Friday, November 3, 2017

Procedural bait and switch: withdrawn rejections as undesignated new grounds in Examiner's Answers

As discussed in MPEP § 1207.03(b), 37 C.F.R. § 41.40 sets forth the exclusive procedure for an appellant to request review of an examiner’s failure to designate a rejection made in an examiner's answer brief on appeal as a "new ground of rejection": the appellant must file a petition under 37 C.F.R. § 1.181, which petition tolls the time period for filing a reply brief under the current rules.  If the appellant does not petition, the Board will not dismiss the new ground of rejection on appeal, but will affirm it if the appellant's arguments do not otherwise overcome the rejection.  This is because, absent such a petition, the Board's review is limited to whether the appellant identifies reversible error in the examiner's position.  In re Jung, 637 F.3d 1356, 1365 (Fed.

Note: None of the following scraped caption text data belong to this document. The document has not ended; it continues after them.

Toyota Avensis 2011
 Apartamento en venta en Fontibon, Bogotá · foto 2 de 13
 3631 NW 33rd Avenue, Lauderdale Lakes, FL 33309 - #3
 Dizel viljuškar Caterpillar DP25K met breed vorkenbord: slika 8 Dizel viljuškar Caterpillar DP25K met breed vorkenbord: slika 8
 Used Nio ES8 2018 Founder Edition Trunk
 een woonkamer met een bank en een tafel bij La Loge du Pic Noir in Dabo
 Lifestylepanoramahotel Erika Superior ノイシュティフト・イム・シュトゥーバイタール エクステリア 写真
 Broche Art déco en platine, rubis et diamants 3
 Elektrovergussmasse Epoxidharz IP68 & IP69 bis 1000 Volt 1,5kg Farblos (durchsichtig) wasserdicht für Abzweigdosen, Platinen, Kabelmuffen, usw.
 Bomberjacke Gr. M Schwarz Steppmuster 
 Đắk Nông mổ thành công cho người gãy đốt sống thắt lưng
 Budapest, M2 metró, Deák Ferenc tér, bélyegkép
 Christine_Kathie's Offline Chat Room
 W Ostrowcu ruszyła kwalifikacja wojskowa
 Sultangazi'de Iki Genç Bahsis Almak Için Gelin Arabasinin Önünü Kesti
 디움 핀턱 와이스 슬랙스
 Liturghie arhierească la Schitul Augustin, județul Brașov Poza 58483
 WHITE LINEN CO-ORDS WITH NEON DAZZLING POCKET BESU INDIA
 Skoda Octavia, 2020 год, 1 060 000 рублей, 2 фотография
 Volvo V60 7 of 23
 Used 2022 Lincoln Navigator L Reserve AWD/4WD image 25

Cir. 2011).  37 C.F.R. § 41.40 thus permits a procedural trap for the unwary that can be set by an examiner to ensnare unwitting appellants.  And sometimes, the trap can be set without even the examiner realizing it.

More nefarious versions of the trap go something like this: an examiner may withdraw a ground of rejection during prosecution, luring the applicant into a false sense of security, only to reintroduce the rejection during appeal, after the appellant has not the opportunity to introduce evidence in rebuttal of the reintroduced rejection, and without designating the reintroduced rejection as a "new ground" of rejection or withdrawing the application from appeal back into prosecution to give the applicant an opportunity to address the renewed rejection.  Once the applicant complains to the Board about the procedural unfairness of the reintroduced rejection, perhaps futilely raising the specter of deprivation of due process or violation of the Administrative Procedure Act, rather than filing the required petition, the trap is sprung.  The appellant's election to proceed to the Board leaves the Board powerless to address whatever unfairness may inhere in the situation, since 37 C.F.R. § 41.40 deprives the Board of any such power by making the matter a petitionable one.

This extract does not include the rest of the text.